Mitochondria play a central role in cellular energy production, biosynthesis, and redox balance, making them critical regulators of cell survival and proliferation. While the Warburg effect initially suggested that cancer cells rely predominantly on glycolysis even in the presence of oxygen, it is now widely recognized that mitochondrial metabolism remains active and is essential for the growth and survival of many tumors. As such, targeting mitochondrial function has emerged as a promising therapeutic strategy in cancer. However, the complexity of mitochondrial biology and tumor heterogeneity presents significant challenges in translating this approach into effective clinical treatments [1, 2].

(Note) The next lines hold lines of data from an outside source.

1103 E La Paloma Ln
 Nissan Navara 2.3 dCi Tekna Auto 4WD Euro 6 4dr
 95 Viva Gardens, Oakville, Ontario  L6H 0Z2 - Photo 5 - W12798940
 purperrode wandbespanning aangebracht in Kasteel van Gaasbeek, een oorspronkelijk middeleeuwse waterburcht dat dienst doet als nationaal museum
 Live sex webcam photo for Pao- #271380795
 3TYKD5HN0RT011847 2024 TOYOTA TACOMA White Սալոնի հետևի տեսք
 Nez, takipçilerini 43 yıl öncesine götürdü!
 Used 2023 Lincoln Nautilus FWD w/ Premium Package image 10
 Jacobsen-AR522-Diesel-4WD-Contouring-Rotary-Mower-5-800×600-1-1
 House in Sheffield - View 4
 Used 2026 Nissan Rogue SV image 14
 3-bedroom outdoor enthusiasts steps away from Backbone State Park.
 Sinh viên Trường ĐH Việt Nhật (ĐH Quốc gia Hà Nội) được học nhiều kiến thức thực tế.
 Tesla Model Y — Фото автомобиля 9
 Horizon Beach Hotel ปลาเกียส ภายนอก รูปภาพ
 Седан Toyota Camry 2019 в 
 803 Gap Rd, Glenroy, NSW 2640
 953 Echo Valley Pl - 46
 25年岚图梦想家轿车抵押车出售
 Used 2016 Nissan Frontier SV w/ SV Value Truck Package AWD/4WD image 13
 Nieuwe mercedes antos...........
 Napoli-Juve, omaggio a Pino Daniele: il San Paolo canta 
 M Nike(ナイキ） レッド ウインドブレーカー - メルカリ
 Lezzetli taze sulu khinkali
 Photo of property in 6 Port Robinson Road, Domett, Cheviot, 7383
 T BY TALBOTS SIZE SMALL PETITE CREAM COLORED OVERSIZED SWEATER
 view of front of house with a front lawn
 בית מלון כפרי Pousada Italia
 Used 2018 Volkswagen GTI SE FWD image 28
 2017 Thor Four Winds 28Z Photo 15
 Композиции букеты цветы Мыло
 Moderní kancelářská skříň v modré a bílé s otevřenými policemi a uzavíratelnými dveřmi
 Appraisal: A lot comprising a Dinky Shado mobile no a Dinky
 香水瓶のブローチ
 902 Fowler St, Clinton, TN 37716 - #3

Cancer cells exploit mitochondrial metabolism to support their anabolic needs and maintain cellular homeostasis. The tricarboxylic acid (TCA) cycle provides intermediates for amino acid, lipid, and nucleotide biosynthesis, while oxidative phosphorylation (OXPHOS) contributes to ATP production and redox regulation. Many tumors, particularly those in nutrient-limited or hypoxic environments, rely heavily on mitochondrial pathways to sustain their energy and biosynthetic requirements [3, 4].

Therapeutic strategies targeting mitochondrial metabolism aim to disrupt these functions and selectively impair cancer cell viability. One approach involves inhibiting components of the electron transport chain (ETC), thereby suppressing OXPHOS and inducing energetic stress. Agents such as IACS-010759, a complex I inhibitor, have shown promise in preclinical and early clinical trials, particularly in cancers with high mitochondrial dependency, such as acute myeloid leukemia (AML) and certain brain tumors [5, 6].

Another strategy focuses on targeting mitochondrial enzymes involved in the TCA cycle or metabolic anaplerosis. Inhibitors of glutaminase, such as CB-839 (telaglenastat), aim to block glutamine utilization, a major fuel for the TCA cycle in many cancers. By depriving tumor cells of this key nutrient, these agents can reduce growth and sensitize tumors to other therapies. Similarly, targeting enzymes like isocitrate dehydrogenase (IDH1/2), which are frequently mutated in gliomas and leukemias, has led to the development of specific inhibitors that restore normal metabolic flux and reduce the production of oncometabolites like 2-hydroxyglutarate [7].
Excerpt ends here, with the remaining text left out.